You should consider the following points when deciding how to implement this pattern:

Exception handling: An application invoking an operation through a circuit breaker must be prepared to handle the exceptions raised if the operation is unavailable. The way exceptions are handled will be application specific. For example, an application could temporarily degrade its functionality, invoke an alternative operation to try to perform the same task or obtain the same data, or report the exception to the user and ask them to try again later.

Types of exceptions: A request might fail for many reasons, some of which might indicate a more severe type of failure than others. For example, a request might fail because a remote service has crashed and will take several minutes to recover, or because of a time-out due to the service being temporarily overloaded. A circuit breaker might be able to examine the types of exceptions that occur and adjust its strategy depending on the nature of these exceptions. For example, it might require a larger number of time-out exceptions to trip the circuit breaker to the Open state compared to the number of failures due to the service being completely unavailable.

Monitoring: A circuit breaker should provide clear observability into both failed and successful requests, enabling operations teams to assess system health. Use distributed tracing for end-to-end visibility across services.

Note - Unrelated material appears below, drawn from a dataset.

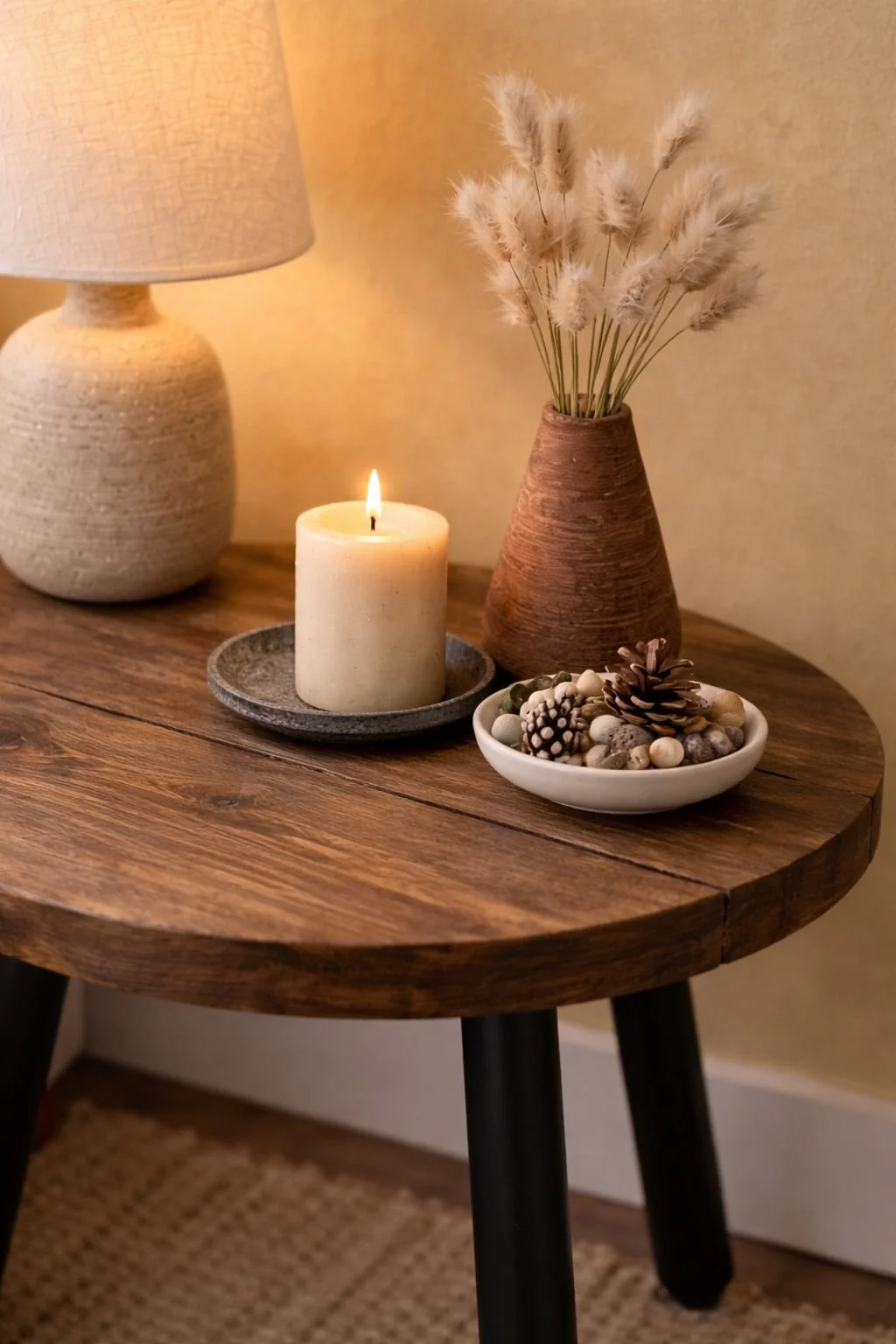 Circular Coffee Table with Steel Round Pin Legs - Image 9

Recoverability: You should configure the circuit breaker to match the likely recovery pattern of the operation it's protecting. For example, if the circuit breaker remains in the Open state for a long period, it could raise exceptions even if the reason for the failure has been resolved. Similarly, a circuit breaker could fluctuate and reduce the response times of applications if it switches from the Open state to the Half-Open state too quickly.

Testing failed operations: In the Open state, rather than using a timer to determine when to switch to the Half-Open state, a circuit breaker can instead periodically ping the remote service or resource to determine whether it's become available again. This ping could take the form of an attempt to invoke an operation that had previously failed, or it could use a special operation provided by the remote service specifically for testing the health of the service, as described by the Health Endpoint Monitoring pattern.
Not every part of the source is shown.